The students ‘could make this beautiful place even greater’.
Apo W. Bazidi’s documentary shines a light on young immigrants in the United States against the backdrop of Donald Trump’s 2017 travel ban.
How Far is Home focuses mostly on Ahmed and Ruba, a brother and sister who attend the Thomas Jefferson school for immigrants in Ohio. Ahmed aspires to be an X-ray technician so he can help people, and Ruba is said by her brother to be smart, enjoying learning and drawing. We learn that they left Syria to escape the violence of the civil war, returned to Iraq, and eventually travelled to the US. The harsh reality of this violence is shown to us through Ruba’s own words: she tells her classmates about her two closest friends, who were killed when a bomb hit their home in Syria. This is intercut with footage of wreckage, destroyed buildings (and with them, destroyed lives), and it’s the first time in the documentary that we truly realise what these children and so many like them have experienced.

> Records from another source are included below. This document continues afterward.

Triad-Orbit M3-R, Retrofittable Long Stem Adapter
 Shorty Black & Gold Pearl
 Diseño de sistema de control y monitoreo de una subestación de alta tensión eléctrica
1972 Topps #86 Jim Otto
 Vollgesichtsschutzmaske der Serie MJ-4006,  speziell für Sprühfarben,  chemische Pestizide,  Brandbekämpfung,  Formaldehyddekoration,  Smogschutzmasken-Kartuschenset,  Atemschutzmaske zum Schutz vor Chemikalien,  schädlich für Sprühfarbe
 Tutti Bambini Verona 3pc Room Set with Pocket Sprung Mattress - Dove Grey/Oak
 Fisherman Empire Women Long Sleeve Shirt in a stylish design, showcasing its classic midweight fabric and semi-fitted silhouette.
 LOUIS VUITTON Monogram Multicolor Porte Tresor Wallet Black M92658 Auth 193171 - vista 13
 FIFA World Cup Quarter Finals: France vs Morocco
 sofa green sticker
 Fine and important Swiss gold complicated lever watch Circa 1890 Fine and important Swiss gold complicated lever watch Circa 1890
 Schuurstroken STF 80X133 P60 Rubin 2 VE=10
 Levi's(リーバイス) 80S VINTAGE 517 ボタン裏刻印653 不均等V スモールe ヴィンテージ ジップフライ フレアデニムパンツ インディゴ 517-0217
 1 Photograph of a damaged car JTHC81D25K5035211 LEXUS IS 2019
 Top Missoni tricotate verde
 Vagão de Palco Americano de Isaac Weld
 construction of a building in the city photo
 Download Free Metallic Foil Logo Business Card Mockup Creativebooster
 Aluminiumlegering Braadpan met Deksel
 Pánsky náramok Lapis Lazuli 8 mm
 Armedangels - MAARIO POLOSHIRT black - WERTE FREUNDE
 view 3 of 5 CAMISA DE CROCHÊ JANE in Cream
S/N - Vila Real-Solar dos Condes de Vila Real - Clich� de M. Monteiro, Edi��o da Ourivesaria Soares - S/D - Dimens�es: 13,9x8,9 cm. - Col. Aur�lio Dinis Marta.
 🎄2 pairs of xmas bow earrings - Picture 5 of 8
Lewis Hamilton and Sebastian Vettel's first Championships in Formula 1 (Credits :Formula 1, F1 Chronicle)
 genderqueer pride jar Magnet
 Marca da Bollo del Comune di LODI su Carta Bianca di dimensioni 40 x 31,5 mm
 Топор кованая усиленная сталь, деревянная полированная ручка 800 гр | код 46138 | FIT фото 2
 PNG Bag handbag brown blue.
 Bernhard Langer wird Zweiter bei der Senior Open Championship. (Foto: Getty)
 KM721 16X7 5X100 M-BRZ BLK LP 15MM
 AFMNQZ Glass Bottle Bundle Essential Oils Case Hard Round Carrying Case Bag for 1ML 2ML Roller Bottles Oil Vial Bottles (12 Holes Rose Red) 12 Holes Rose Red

"Challenges the derogatory connotations of Trump’s terminology."
This is not a politically neutral documentary. The critique of Trump is subtle, but clear. A voice over news report about Trump’s travel ban comes at the documentary’s beginning, and then we’re shown the school, introduced to Ahmed and Ruba, given an insight into them as people, their lives and experiences – and then the voice over returns. In this way, we see how these large scale government decisions interrupt and affect the lives of so many people. Trump makes his only appearance in footage displaying the kind of rhetoric this documentary aims to undermine: ‘the United States will not be a migrant camp. And it will not be a refugee holding facility’ Trump says, while we watch the children laughing and playing sport. They are not a nameless, faceless, homogenous group; How Far is Home humanises the immigrant and refugee experience and challenges the derogatory connotations of Trump’s terminology. As one teacher tells us, the students ‘could make this beautiful place even greater’ – a subversion of Trump’s much maligned make America great again slogan.
It’s clear the documentary subjects are aware of the camera at all times, which only serves to bring their personality closer to the surface than a more fly on the wall approach. Ahmed is constantly smiling, playful, having fun with the camera and addressing it directly. We’re invited and welcomed into the school – at the heart of this documentary is togetherness, a unity that crosses borders and connects people. One teacher speaks of the myth of American streets ‘made of gold’, that instead people work hard for what they have – this recalls the idea of the American dream, that anyone from anywhere can build a life in this land of opportunity.
"How Far is Home very effectively humanises the very people some politicians try to demonise."
How Far is Home reminds us that the President has made this difficult for countless people. Ruba herself encounters complications when the travel ban goes into effect while she is in Iraq – the school had a lawyer ready to help her, and this information is a jarring reminder of the obstacles these children have faced and will face.
How Far is Home could perhaps go further in grappling with the political situation not only in the US but around the world. As the closing text reminds us, anti-immigrant policies are on the rise. But How Far is Home very effectively humanises the very people some politicians try to demonise, and maybe that’s enough to challenge prejudice. After all, these children are just trying to complete their education, not become ideological pawns in a debate over their humanity.
Overall, this is a quiet look at the ongoing struggle against anti-immigrant rhetoric and policies. Clocking in at just under 22 minutes, it has a lot to say in its short run time – but maybe pulls its punches just a little too much to be as effective as it could be.